- _How to complete this task_
In the data below, find every line that has the string "album", and copy it.

Crawled caption data
[Start of section]

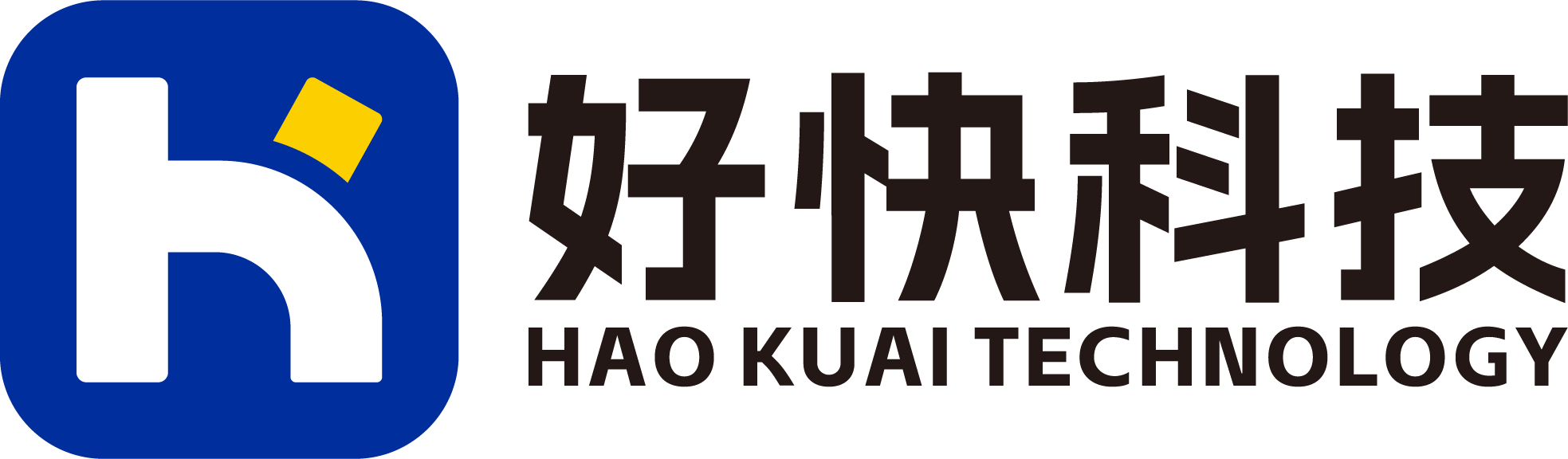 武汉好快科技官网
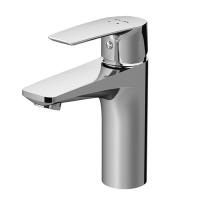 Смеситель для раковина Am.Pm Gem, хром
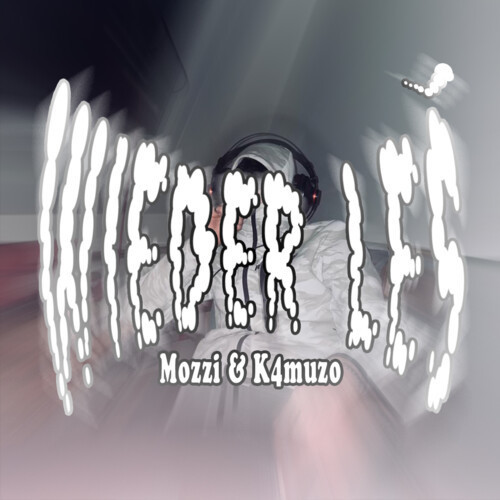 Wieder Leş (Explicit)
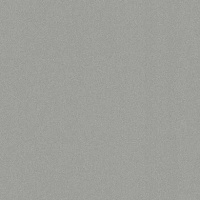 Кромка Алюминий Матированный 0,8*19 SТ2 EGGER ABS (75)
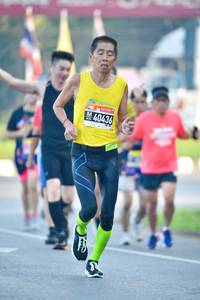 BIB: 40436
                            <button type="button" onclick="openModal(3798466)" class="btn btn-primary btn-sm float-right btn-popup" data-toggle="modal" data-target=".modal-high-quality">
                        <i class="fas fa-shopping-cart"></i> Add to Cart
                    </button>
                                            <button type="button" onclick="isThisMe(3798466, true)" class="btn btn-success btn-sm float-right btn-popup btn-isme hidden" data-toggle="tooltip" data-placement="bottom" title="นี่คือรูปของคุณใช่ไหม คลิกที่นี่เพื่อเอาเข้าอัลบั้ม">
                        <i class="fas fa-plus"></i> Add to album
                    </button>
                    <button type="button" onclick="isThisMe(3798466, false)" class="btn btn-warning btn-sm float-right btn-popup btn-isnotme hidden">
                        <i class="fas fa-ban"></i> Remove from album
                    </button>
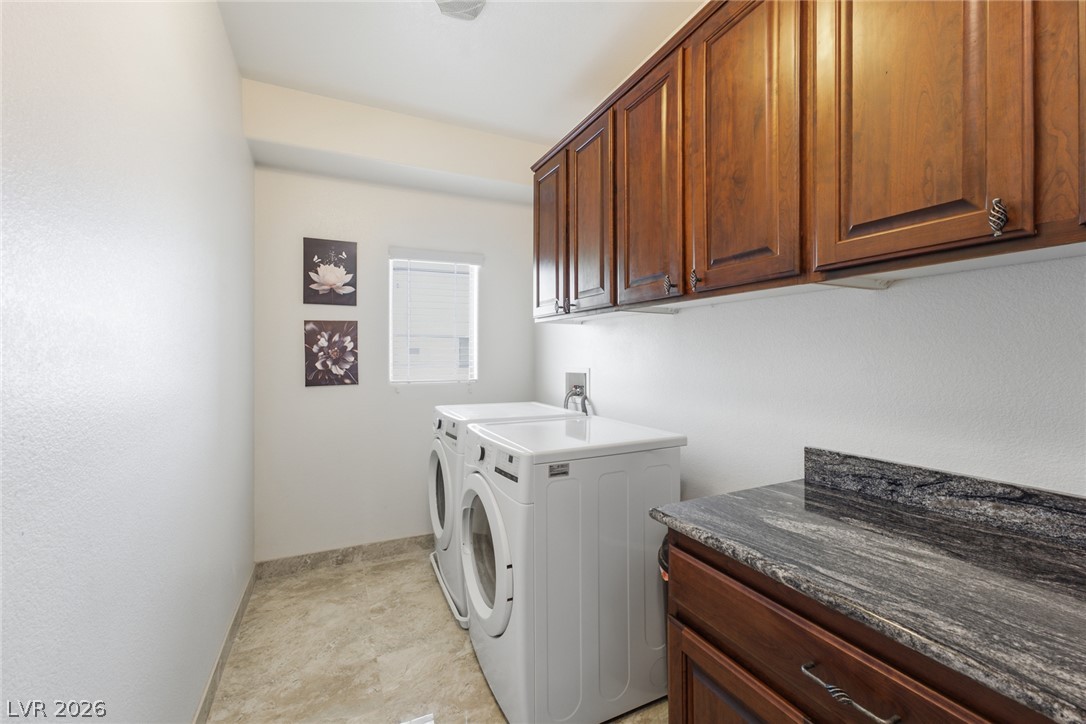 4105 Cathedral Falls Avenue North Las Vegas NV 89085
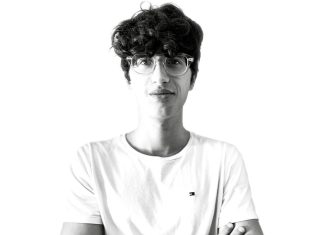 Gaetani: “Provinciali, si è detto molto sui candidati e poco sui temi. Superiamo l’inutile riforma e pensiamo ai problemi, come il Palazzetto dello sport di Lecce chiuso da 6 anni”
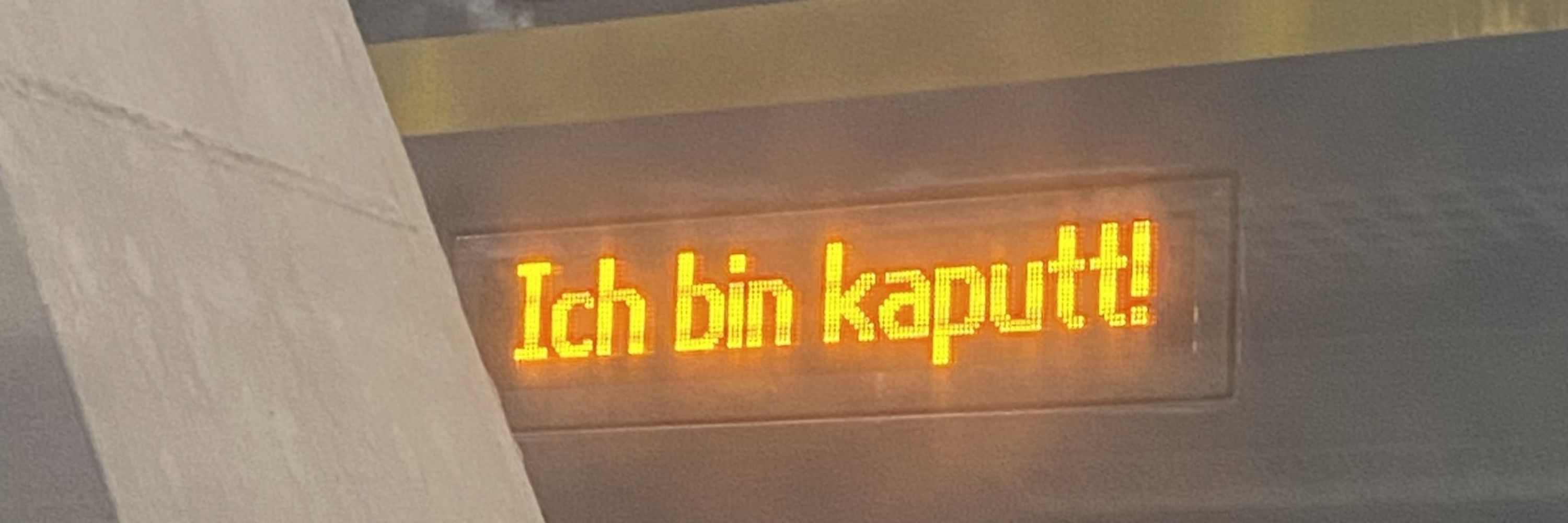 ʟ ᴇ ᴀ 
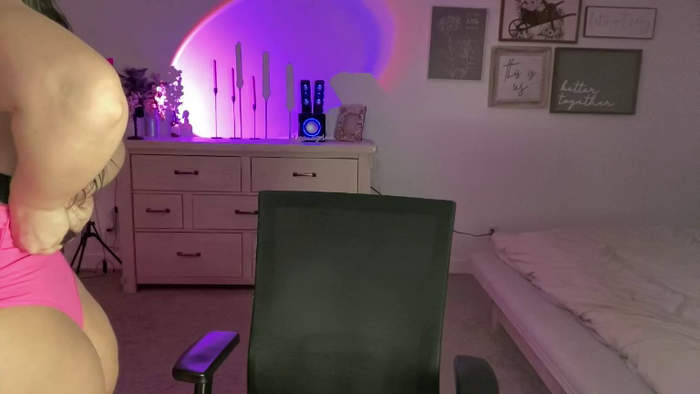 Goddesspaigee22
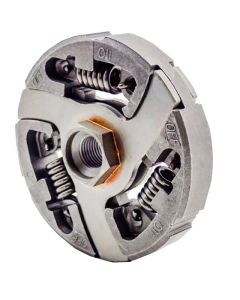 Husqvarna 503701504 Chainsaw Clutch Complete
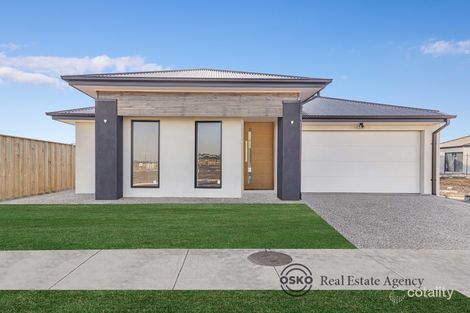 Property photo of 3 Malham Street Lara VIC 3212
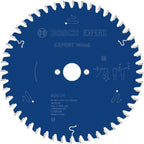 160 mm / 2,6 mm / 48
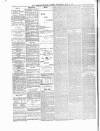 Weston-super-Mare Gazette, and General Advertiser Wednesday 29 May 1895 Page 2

[End of section]

- _Output of the exercise_
                        <i class="fas fa-plus"></i> Add to album
                        <i class="fas fa-ban"></i> Remove from album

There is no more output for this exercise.